Many of the podcast advertising models that are out there require the podcast host to read their own ads. This may feel unfamiliar but was actually the model that most advertising worked on back in the early days of television. In many cases, you’ll be given a promo for a popular service and will only be paid when one of your listeners signs up for the service using a unique promo code or URL. In other cases, you’ll be paid a flat rate in advance and a bonus for every person who signs up. Advertisers like these kinds of models as it allows them to track the success of their spend and target their money towards the podcasts that are giving them the best
If you manage to build a loyal audience for your podcast and don’t feel comfortable adding advertising into the mix, then you always have the option of asking the audience to support you. Websites such as Patreon allow podcast listeners to pledge a certain amount towards their favorite content creators in return for what they do. In most cases, the creators provide perks for contributors who commit to a certain level of funding. These perks can include the chance to listen to episodes earlier than the general public or chat one-on-one with the creator of the podcast. It’s possible to come up with perks that don’t cost anything to produce, and they can be a great way of rewarding loyal listeners who want to help your podcast to succeed.

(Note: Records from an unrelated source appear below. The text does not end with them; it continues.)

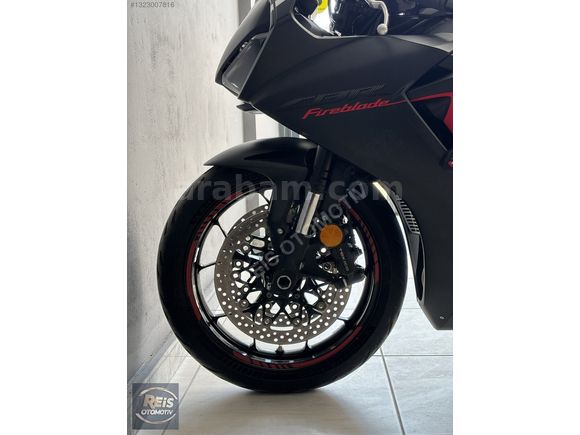 HONDA 1000RR 2017 MODEL HATASIZ EKSTRALI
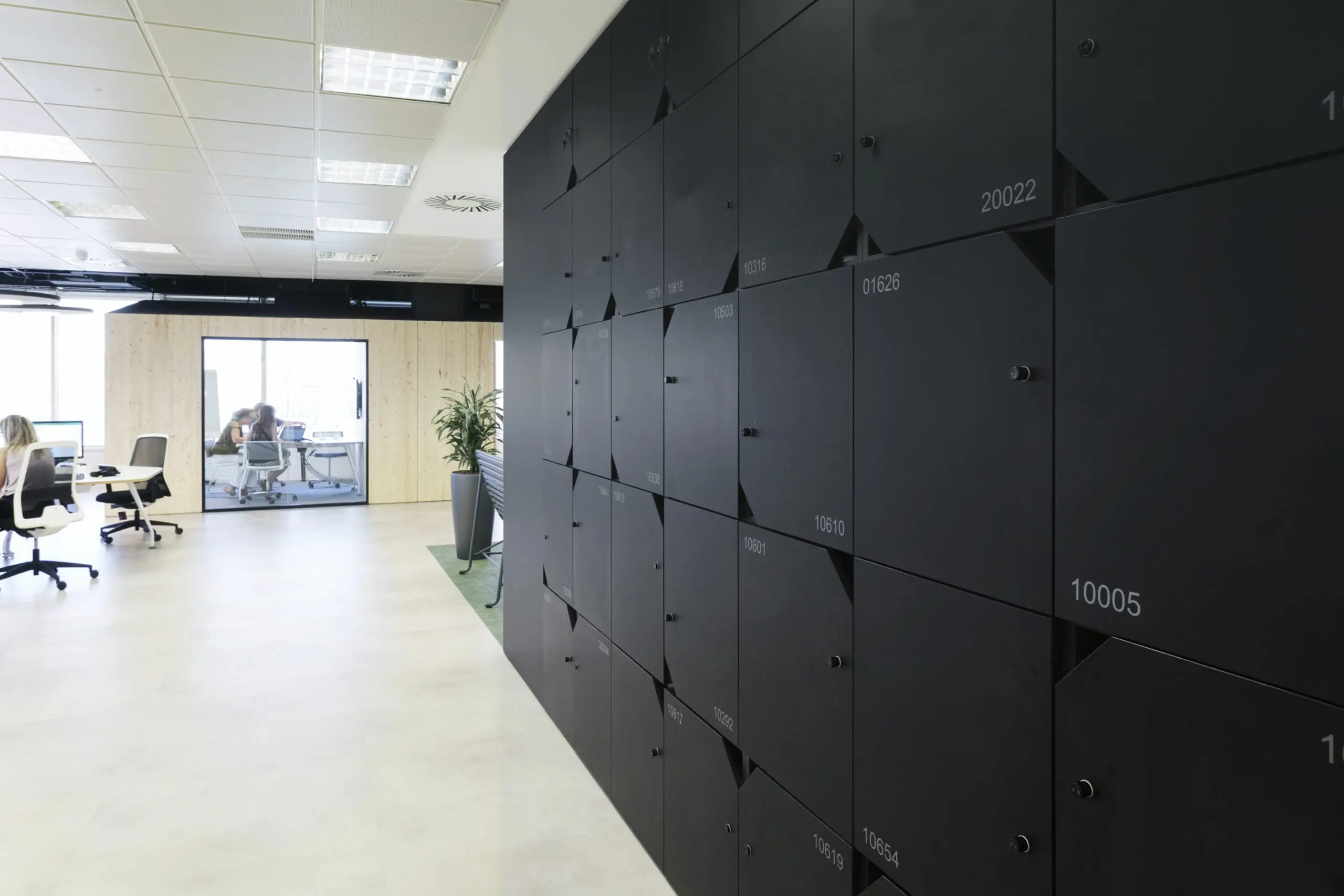 Smart Lockers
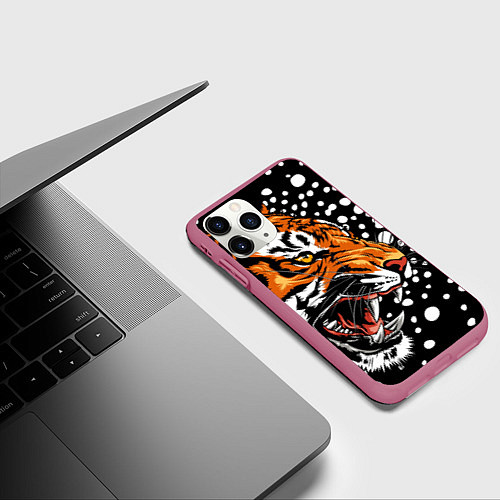 Чехол iPhone 11 Pro матовый Амурский тигр и снегопад / 3D-Малиновый – фото 3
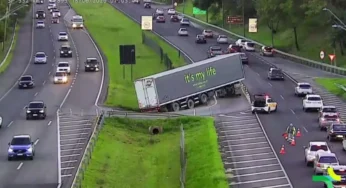 Carreta tomba em canteiro da Rodovia Zeferino Vaz após manobra proibida em Campinas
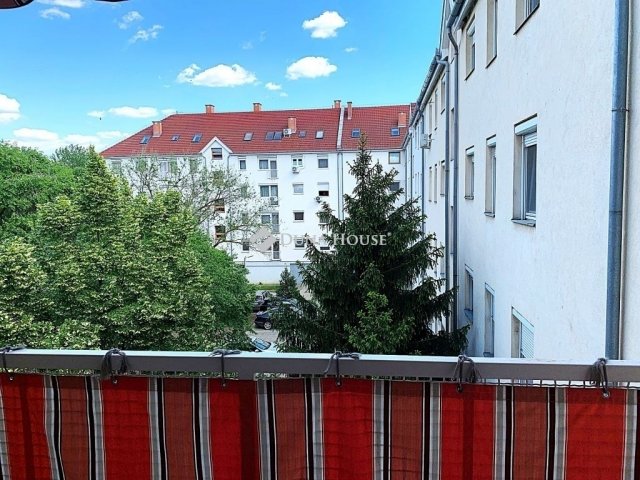 Eladó téglalakás, Kecskeméten 54.9 M Ft, 2 szobás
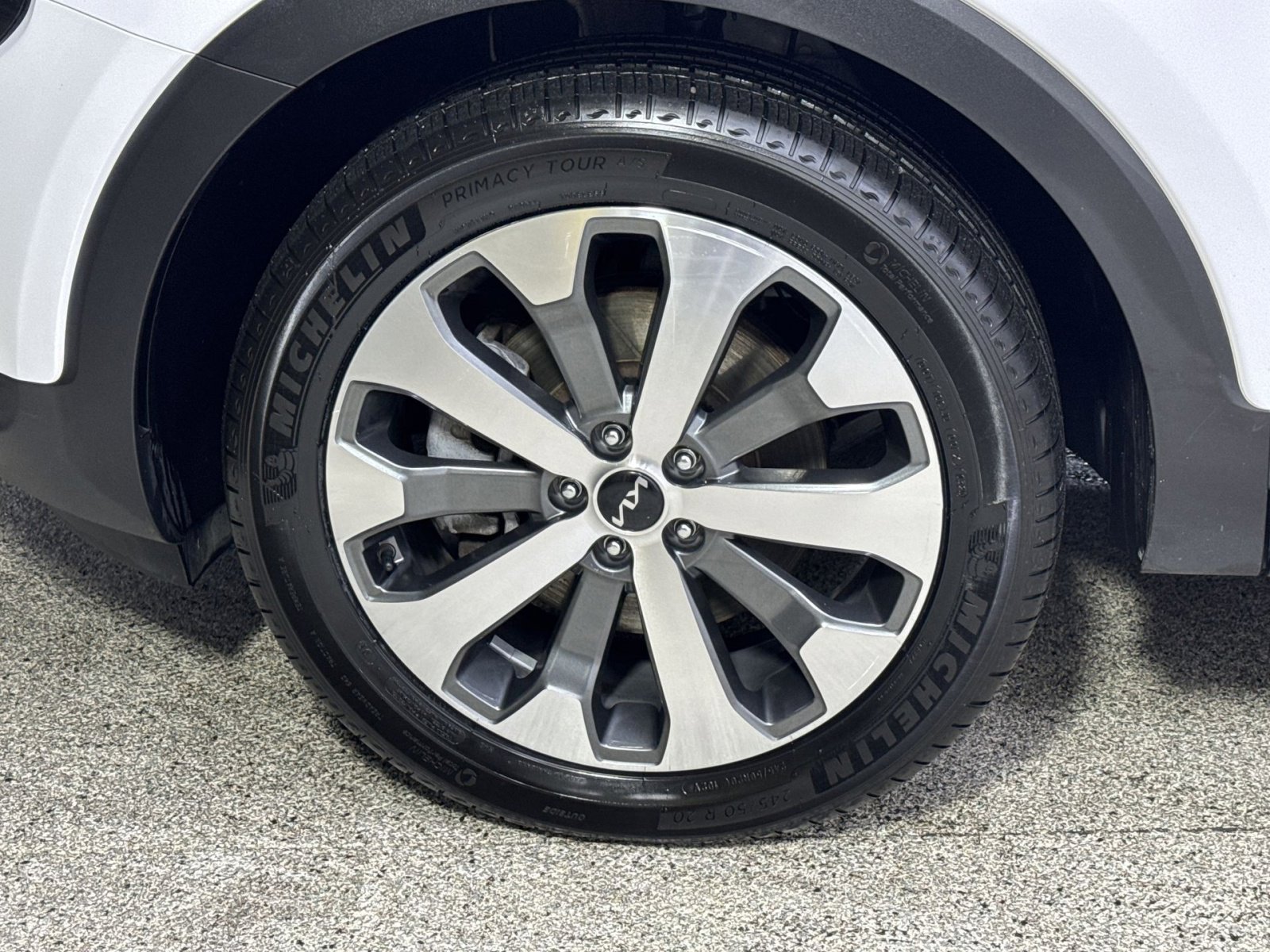 Used 2022 Kia Telluride EX w/ EX Premium Package image 16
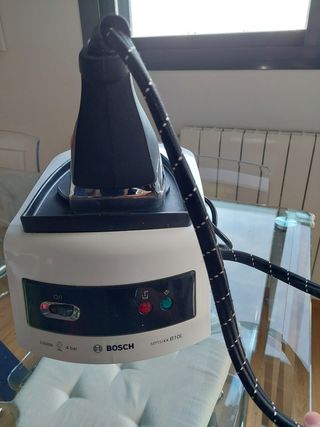 Centro de planchado BOSCH de segunda mano por 45 EUR en Zaragoza en WALLAPOP
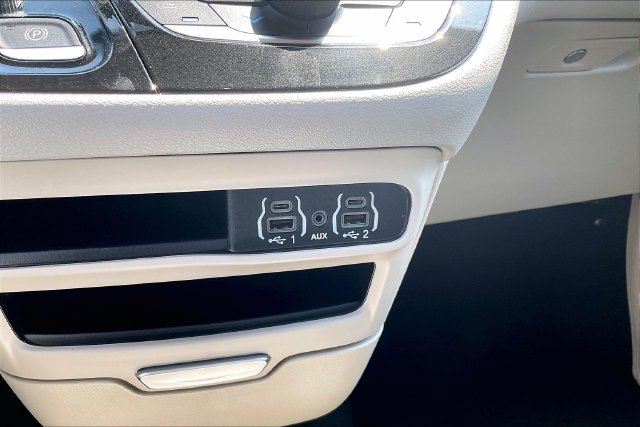 Used 2023 Chrysler Voyager LX FWD image 16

If you select a niche topic, you are more likely to find listeners who really value your content, (since the chances are that there is nobody else producing the type of stuff that you are), and who are willing to contribute towards your costs.
Overall, it is certainly possible to make money from a podcast, but you should not underestimate the amount of effort that will be required. The best advice that we can give is to take your time at the start and make sure that you get the content right. Most podcasts take at least a few episodes to get into a natural rhythm, and there is every chance that your podcast will evolve when you start to get feedback from listeners.
If possible, try out your podcast on some friends and family before you launch it to the wider world so that you have a better chance of getting things right the first time. The chances are that you may get some fairly brutal feedback, but you should see this as a learning experience and be thankful that you are not getting the same message from a random stranger on the internet as they tend to be a little ruder!
The biggest problem that newbie podcasters face is the temptation to give up a few weeks after they have started because they’re not getting the results they were hoping for. While this is understandable, it’s very important to persevere for longer. It takes time for newcomers to the world of podcasting to be discovered and even longer for them to be big enough to attract the interest of advertisers. If you know how the system works before you start and go in with realistic expectations, you are far more likely to succeed in your quest for podcasting success.